In den 20 Jahren, die seit dem Fall der Mauer vergangen sind, hat sich nicht nur Thüringen entwickelt, auch Deutschland und Europa haben einen Prozess grundlegenden Wandels durchlaufen. Denn mit der Überwindung der Teilung Europas hat sich nicht nur die deutsche Einheit verwirklicht, sondern auch die europäische Einigung. Heute umfasst die Europäische Union eine halbe Milliarde Menschen, die in 27 Mitgliedsstaaten eine einzigartige wirtschaftliche und politische Partnerschaft leben. Diese Partnerschaft ist bestimmt vom Zusammenwirken gleichberechtigter Mitgliedstaaten, die sich auf der Grundlage gleicher Grundwerte und Überzeugungen zu einer immer engeren Europäischen Union zusammengeschlossen haben. Sie begegnen gemeinsam großen Herausforderungen, die auf der Ebene des einzelnen Mitgliedsstaates nicht mehr erfolgreich behandelt werden können und bleiben bei ihren einzelstaatlichen Regelungen, wo sie national erfolgreich sein können.
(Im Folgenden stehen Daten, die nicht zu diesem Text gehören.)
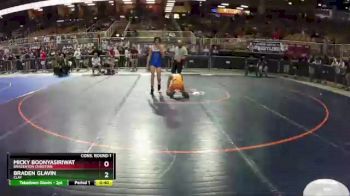 1A 113 lbs Cons. Round 1 - Braden Glavin, Clay vs Micky Boonyasiriwat, Bradenton Christian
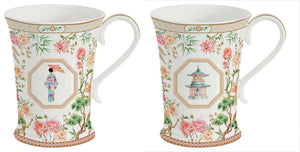 Jardín de Oriente set 2 mug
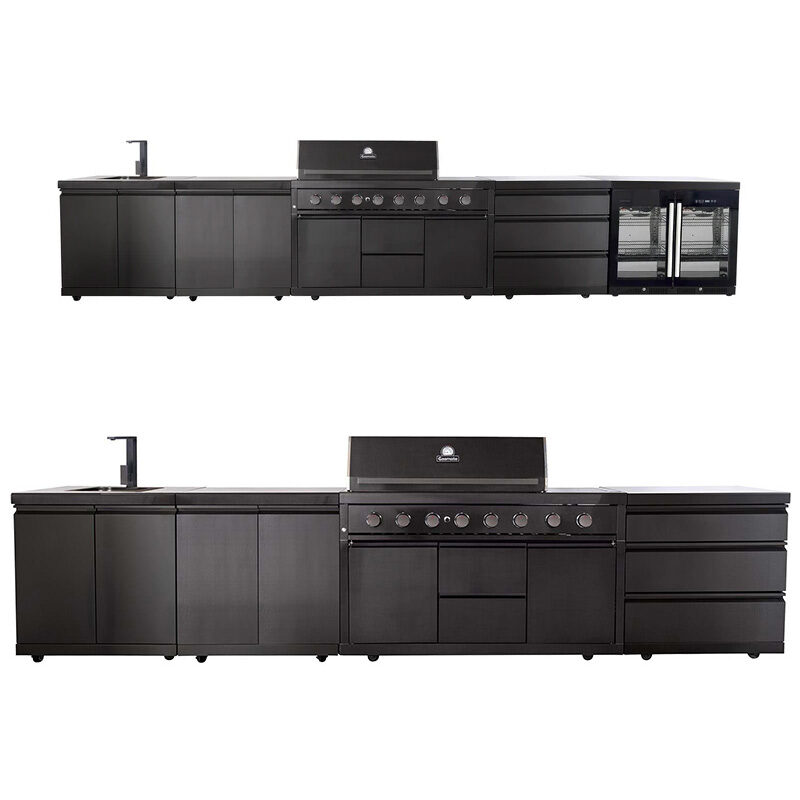 NOVA Graphite 6 Burner BBQ Kitchen Packages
Ein ganz besonderer Reichtum der Europäischen Union ist die einzigartige Kultur eines jeden Mitgliedstaates und seiner Regionen: Es fügt sich daher gut, dass unsere Reise hier in dieser historischen Residenz in Gotha beginnt: Schloss Friedenstein steht für die Pracht des deutschen Barock und für die engen politischen und verwandtschaftlichen Beziehungen, die Gotha mit Europa verbunden hat.
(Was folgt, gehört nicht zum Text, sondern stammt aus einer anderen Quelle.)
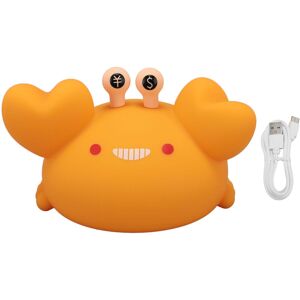 GROOFOO Crab Night Light Warm White Lighting 3 Brightness Levels Soft Silicone Animal Bedside Lamp with 30 Minute Timer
Schloss Friedenstein wurde im 17. Jahrhundert am Ende des 30-jährigen Krieges gebaut - eines verheerenden Krieges, der ein Menschenalter andauerte. Das Schloss steht mit seinem Namen und mit der allegorischen Friedenskuss-Darstellung über seinem Eingang auch für die Sehnsucht der Menschen nach Frieden.

Der Wunsch nach einer friedlichen und gerechten Welt ist uns noch heute Verpflichtung und Auftrag: Nur gemeinsam können wir den großen globalen Herausforderungen wie Klimawandel, Armutsbekämpfung und Sicherheit bewältigen. Hierfür wird sich Deutschland in der Europäischen Union und in der Welt weiterhin einsetzen. Ich will daran als Bundespräsident nach Kräften mitwirken.

Für die großen Aufgaben, die vor uns liegen, brauchen wir aber auch "Brückenbauer" - Diplomaten wie Sie, die die Hintergründe, kulturellen Eigenheiten und spezifische Denkweisen ihrer Gastländer ergründen, den jeweils eignen Regierungen vermitteln und so Brücken des Verständnisses bauen. Dies ist der Kern einer guten Außenpolitik, die im gegenseitigen Dialog und Respekt gelingt. Lassen Sie uns daher diesen Tag auch dazu nutzen, "Brücken zu bauen". Ich freue mich auf die Begegnung mit Ihnen und gute Gespräche.

Herr Nuntius, meine Damen und Herren, vor zwanzig Jahren wäre uns diese Reise nicht möglich gewesen. Das macht sie so besonders. Es bedeutet mir viel, Ihnen am Beispiel Thüringens nahezubringen, welchen Weg die Deutschen seitdem gemeinsam zurückgelegt haben. Ich wünsche uns allen eine Reise mit vielen neuen, bleibenden Eindrücken. Ich bitte Sie, mit mir das Glas auf das Wohl des Freistaats Thüringen zu erheben.